Uladzimir: Here it depends on who the original client is. There is not always a strict need to have a physician on the team. If the product is being built for a ministry of health, for example, a doctor in the core team may not be essential. The same can be true for pharma. What is essential is to have direct contact with someone from that environment – with the person or group that will eventually use the product.
2Digital: And if the end users are patients? For example, people with a chronic obstructive pulmonary disease. Should patients be brought into the team?
Uladzimir: That is a good question. If a patient is included, it is easy to end up narrowing everything down to that person’s own idea of what the problem is.
There is a subset of patients for whom technology is not alien – let us call them technophiles. They can navigate digital tools, can understand what is on offer, are prepared to try new things and invest effort. This is not the average user, it is more of a special case. A product can definitely be built for this segment. I am not sure, however, that the information from this segment will be valid for the entire market.
On the other hand, people with chronic obstructive pulmonary disease are often older, long-time smokers. and their problems are frequently voiced not by them but by relatives. It is often the relatives, grandchildren who want to solve the problem – but their answers are not the same answers the grandmothers and grandfathers would give themselves. These are our assumptions about representatives of the target group.
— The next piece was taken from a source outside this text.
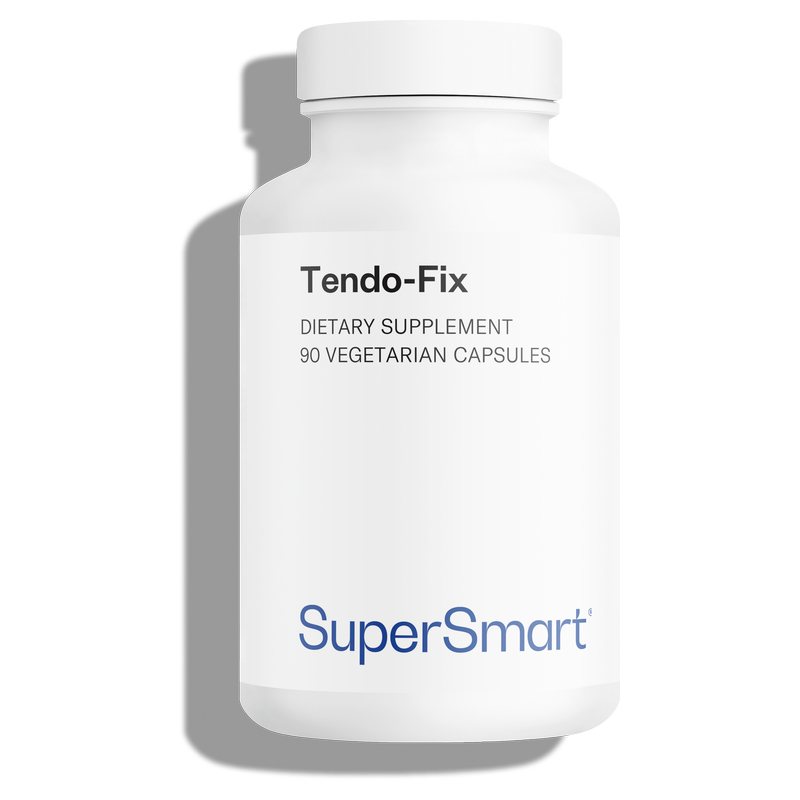 Tendo-Fix Supplement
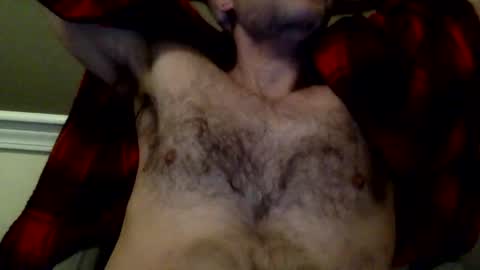 Snapshot of godsmack69 chatting on December 26, 2024, 10:26 am Godsmack69 online show from December 26, 2024, 10:26 am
So I am not sure whether patients should be part of the development team, and if so, which ones. What is clear is that user feedback is needed.
2Digital: What barriers for adoption do you see on a level of practical medicine?
Uladzimir: In the environment where I live and with the patients I see, it is noticeable that people in general do not use medical apps very often and do not search for them much. And among those who do, most stop using new gizmo after a month. Effectiveness of adoption is increasing when a doctor comes and says: look, here is this app or this device; if you take it and use it, in return you will get better insurance terms.
Recently, patient access to their X-ray images was introduced (in Austria, ed. note). A service at this scale did not exist before. At first everyone was unhappy, but when the service finally started working nationwide, it finally became accepted by patients and healthcare professionals: now a person comes to me, shows a PIN code, and I quickly get access to the needed information.
However, this adoption did not happen because doctors and patients spontaneously decided to use the system. It required organizational effort from the state and insurers. It often has to be recognised that even if a startup genuinely addresses patient problems, reaching the target group will not happen directly, but via those who can activate administrative levers.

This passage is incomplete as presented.